I was struck by the atmosphere and depth in an oil by an artist who was new to me, Sydney Laurence (1865-1940), Mt. McKinley from 1922.






N.C. Wyeth (1882-1945), oil I shall never forget the sight... from 1918.







The Winter Campaign, an oil by Frederic Remington (1861-1909) was painted during the artist's final year. It is a scene from the military campaigns against the Native American Remington witnessed as a correspondent during the the 1880's.







Wonderfully light-filled shadows are a hallmark of this oil by Joseph Henry Sharp (1859-1953), The Gift Dance Drummers, circa 1920. 

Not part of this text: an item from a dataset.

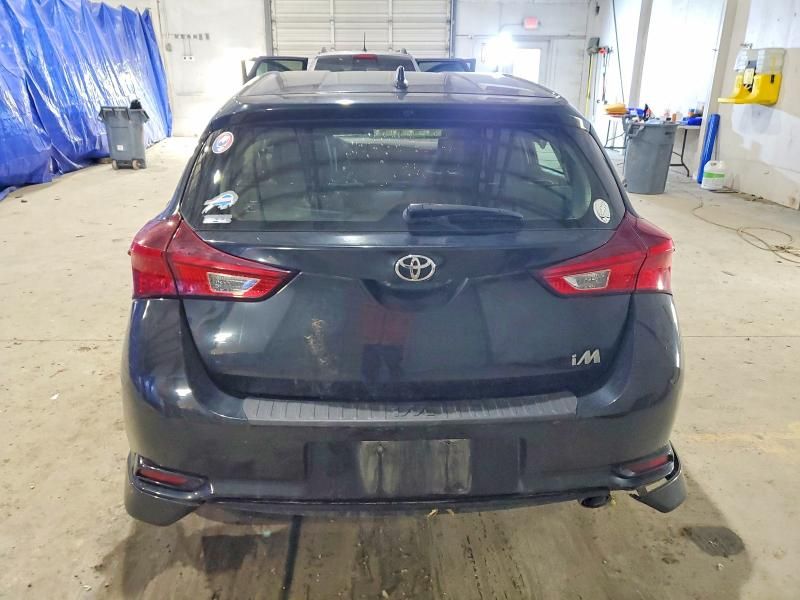 2018 Toyota Corolla im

A Time of Hunger, an oil from 1975 by the painter John F. Clymer (1907-1989). Several years ago I had an exhibition of my own paintings in the Clymer Museum in Ellensburg, WA that is devoted to Clymer's art. I lived in that town for a year when I taught painting at Central Washington University but unfortunately wasn't aware of Clymer's work in those days. I think he had a terrific  feeling for the snow in this painting.





A custom made metal bear emerges from one of light fixtures in the Museum's Members' Gallery. It made me laugh.






Here's Alice in one of the galleries. The day we visited the town of Corning was bitterly cold, though the Rockwell itself was cozy. Nonetheless I think Alice was secretly wishing there was a blaze going in this fireplace.